Jacob Rees-Mogg Predicts £20 Billion Cost Of Parliament's Refurbishment
Leader of the Commons Jacob Rees-Mogg has said costs of refurbishing the Houses of Parliament could spiral to £20 billion – five times original estimates.
The senior Conservative’s suggested price-tag comes as the findings of a 10-month review into the vast tax-payer funded project were released with financial information heavily redacted.
Rees-Mogg told MPs in the Commons this morning that he had picked up that costs could be between £10 billion and £20 billion, which he said would not be acceptable to the tax-payer considering the recent spend on the Covid response.
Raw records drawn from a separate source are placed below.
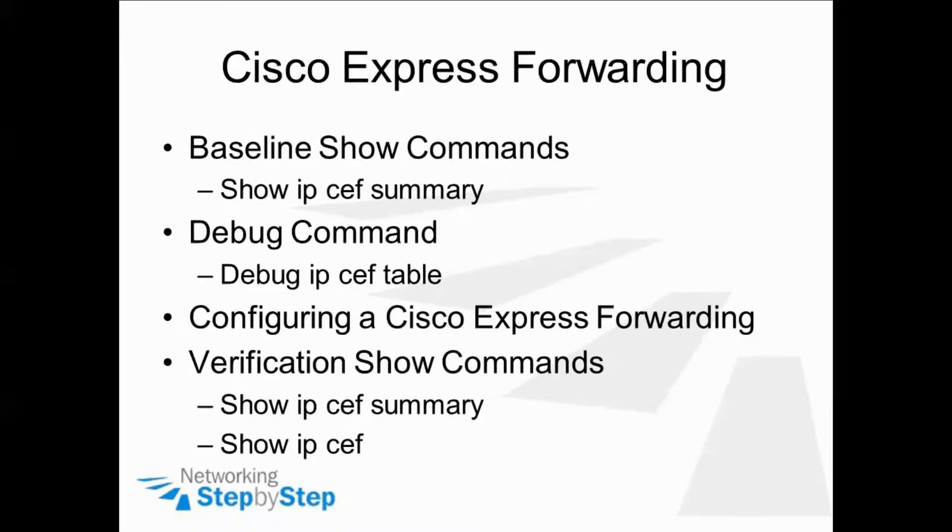In this video cheat sheet, we're going to be configuring a router for MPLS forwarding. We're going to start off with baseline show commands, show IP CEF summary, to see if CEF is running on the router by default.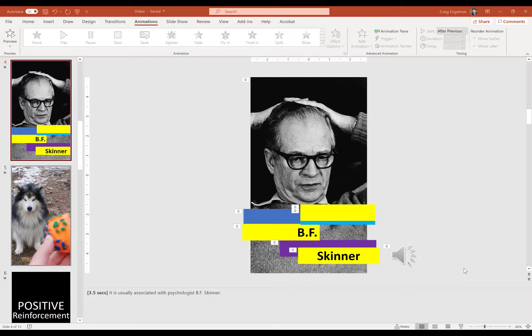This slide is probably one of the more complicated ones you will do because it just has so many elements on it. In order to help you out, I'm going to have a link in the description that'll take you to a template document that you can download. It has some of the items in this video that you can repurpose very quickly for other videos.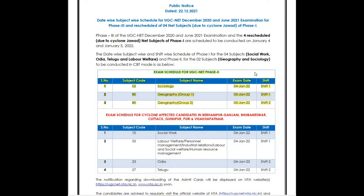Hello friends, welcome back to the channel Shisak Tombo. In this video, I'll be talking on the latest update given by the UGC NTA net. So without wasting any time, let's continue with the video.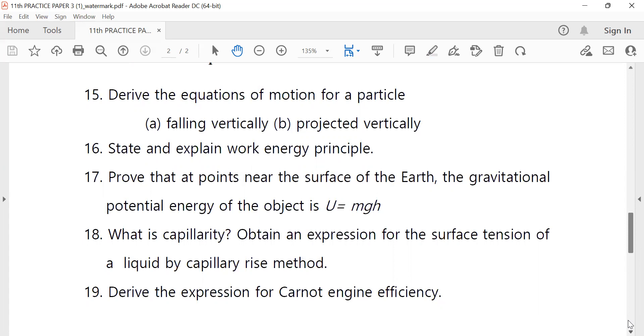Eighteenth: what is the capillary method? Write the expression for the surface tension of a liquid by the capillary method.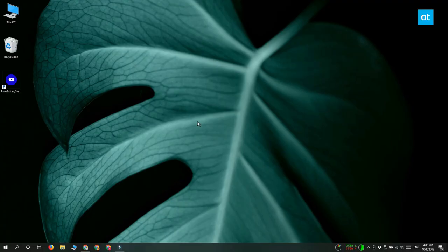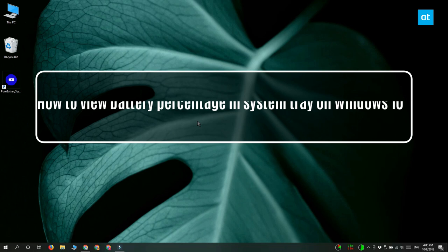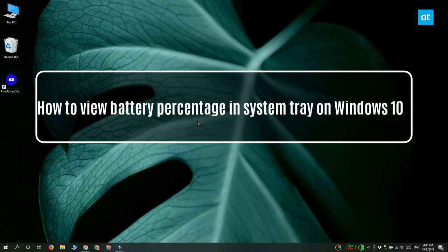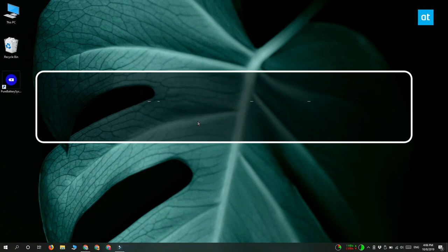Hi everyone, Padma here from Addictive Tips and I'm going to show you how you can view the battery percentage in the system tray on Windows 10.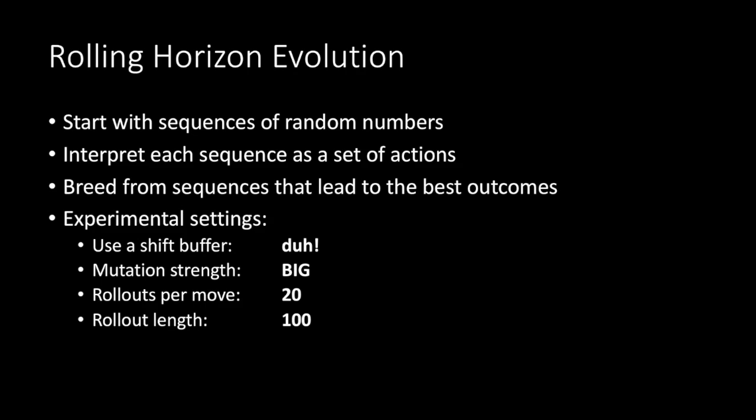For the experimental settings below, the algorithm has a few settings we've got to set. You can choose whether or not to use a shift buffer. I'll explain more of this in a minute. The answer is yes, we normally do use a shift buffer. Mutation strength is going to be set to big, rollout per move 20, and rollout length of 100.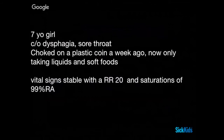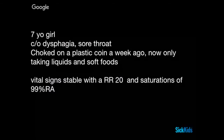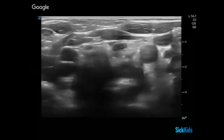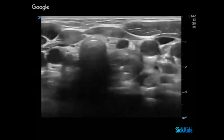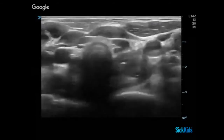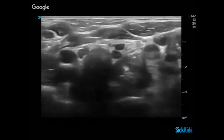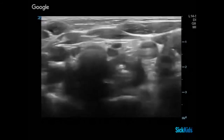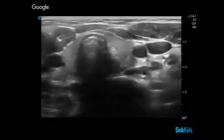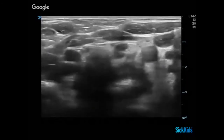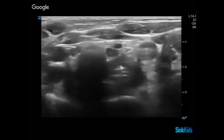Our case is a seven-year-old girl complaining of dysphagia and sore throat after choking on a plastic coin a week ago. She's only taking liquids and soft foods but has stable vital signs with a normal respiratory rate and saturations of 99%. We took a quick look at her upper esophagus, remembering we won't be able to see deep to the clavicles. As we roll through this clip, you can appreciate the trachea as the large circular structure on one side, and then a large caliber, stationary esophagus that seems to have something inside of it on the other side.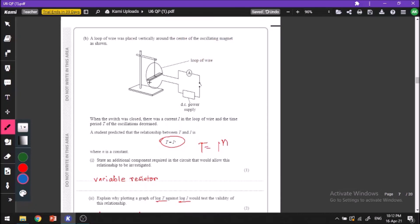Here we have our experimental setup. If we want to vary the current in our loop, we either need a variable power supply or something which will change its voltage across the wire. Since our power supply is DC and not variable, we can add a variable resistor so that we can vary the voltage across the wire and hence the current in the wire.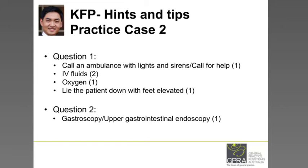A lot of you scored four marks. Airway, breathing, circulation is also very important and would be considered a correct answer. If enough candidates put down the same answer and it's very appropriate, it would be considered correct.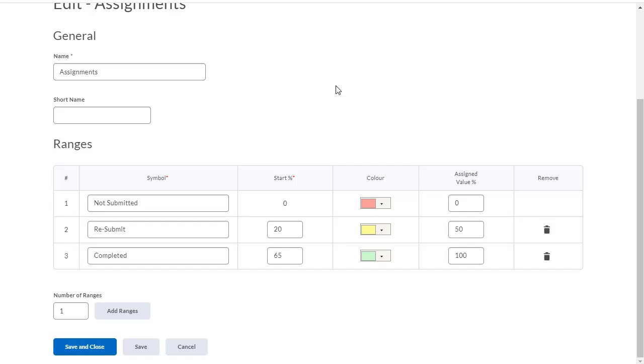You can change these ranges anytime you want. If you want to set a threshold a little higher than 65%, that's fine too. I've assigned a color for each one of these symbols. And under the assigned value percentage, I've assigned zero for anything that's not submitted, 50% for anything that needs to be resubmitted, and 100% for anything that we mark as complete.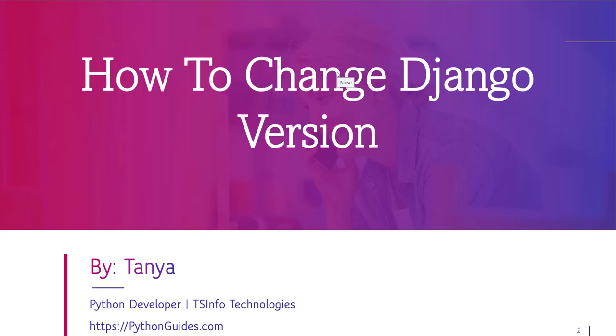Hello everyone, welcome to the channel. My name is Tanya and today we will learn how to change Django version.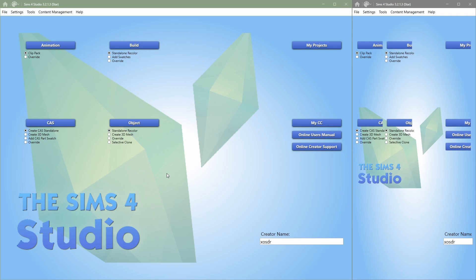So first things first, this is what the program looks like if you open Sims 4 Studio. I'm using Star, but in future tutorials I might switch back to the previous version because I used it for the Thrift Store Overhaul mod. This version takes a little bit longer for stuff to load and it gets quite annoying.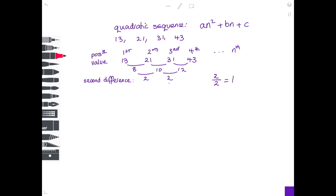So I know my sequence will be 1n squared plus something times n plus a number. To find that remaining part, I go back to the original values and subtract n squared from each. So: 13 minus 1 squared is 12, 21 minus 2 squared is 17, 31 minus 3 squared is 22, and 43 minus 4 squared is 27. I have a new sequence.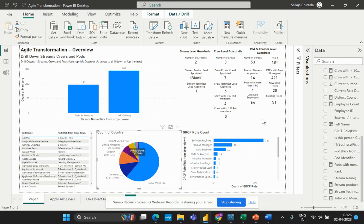Hello and welcome to this tutorial on how to evaluate crews with less than 50 pod members in agile transformation projects using Power BI. The formula we are going to look at today is called 'Crew with Less than 50 Pod Members.' This formula uses a combination of DAX functions in Power BI to calculate the number of unique crew names in a given dataset that have fewer than 50 associated pod members.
Previously the project was estimated to cost around £4 billion.
The scheme’s Sponsor Body, which led the review into the project, does not recognise Mr Rees-Mogg’s figures.
However, the public have not been provided with any meaningful costs as there are black lines over references to the finances and arrangements around creating a temporary House of Lords chamber and new atrium at the QEII Conference Centre and for the Commons chamber at Richmond House, on Whitehall.
Entries on graphs for adjusted capital costs have also been hidden.
Rees-Mogg said in the Commons today: “We have suddenly heard talk of costs of £10 billion to £20 billion coming up. We cannot say that to our constituents. We in this House have the responsibility to protect taxpayers’ money.
“The other place, it must be remembered, does not. We are responsible, responsive and answerable to our constituents. Yes, we need to redo the wiring. Yes, we need to ensure that this place is safe and secure, but we must not turn this House of Commons into Disneyland.”
The plan for Parliament to be refurbished was passed into law two years ago, and some criticised the review which was commissioned last May was an unhelpful delay.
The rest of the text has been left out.